Which brings us to the last day, the pre-breakfast adventure, and the discovery that even after six days on a tiny island, there was a bay just minutes along the road that we hadn’t known had existed. We had thought that we’d done a pretty good job of seeing everything that was available. But no. We hadn’t.
Seventeen days away. Three days spent on a plane, or waiting for a plane, or travelling to catch a plane. 70% of the cost and nearly 20% of the time spent on getting there and back.
A long time ago, we’d come up with an “8 year plan” where we’d compiled a list of the eight “must see” places that we thought we could take the kids to during school holidays before they were too old to want to spend time with us. There has to be a more efficient way of completing the list than a frantic two and half week holiday each year. And there are sooooooo many more places to visit and experiences to be had. We think we’ve worked out what it is, and on September 9th we’re going to test the theory.
Only time will tell. But thinking back to the time we spent in Thailand last year as I’ve been writing this post, I’m more convinced than ever that this is going to be epic.
The difficulty hasn’t been thinking of the 2000 or so words in this post, it’s been omitting the 10,000 words that I could easily write about what we saw, what we did, how it made us feel, what we loved, and what we would avoid next time. The thing that sticks most in my mind is spending the time together, just the four of us. Sharing and experiencing things completely removed from our normal lives. Watching the kids be kids. Watching the kids learn at their own pace, using the world as a classroom.

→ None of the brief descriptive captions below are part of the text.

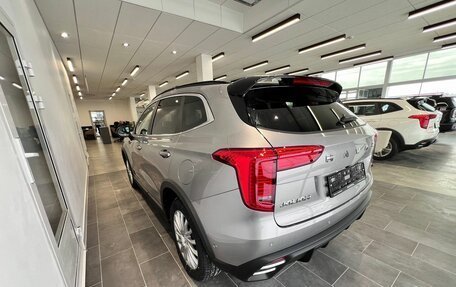 Haval Jolion, 2025 год, 2 849 000 рублей, 4 фотография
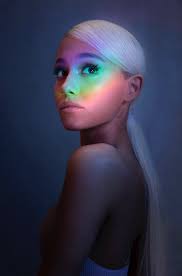 Ariana grande's latest album is the sixth studio album the singer has released. Ariana Grande Das Neue Album Positions Ist Da Kulturnews De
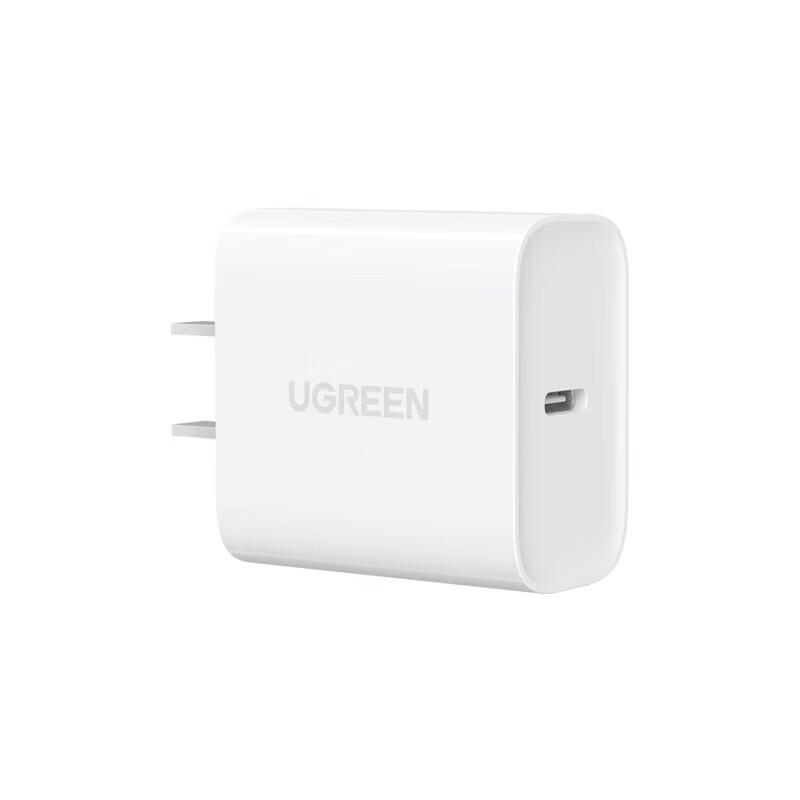 UGREEN iPhone 15 Fast Charger Set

Six months after we got back, during a conversation at teatime, Evan rationalised the concept of poverty and slums based on what he’d seen on that first rip-off boat trip in Bangkok. We hadn’t mentioned it since we got back, but it had clearly buried itself in his memory and is shaping the person he’s growing up to be.
If that can happen in fourteen days, what’s going to happen in eleven months away?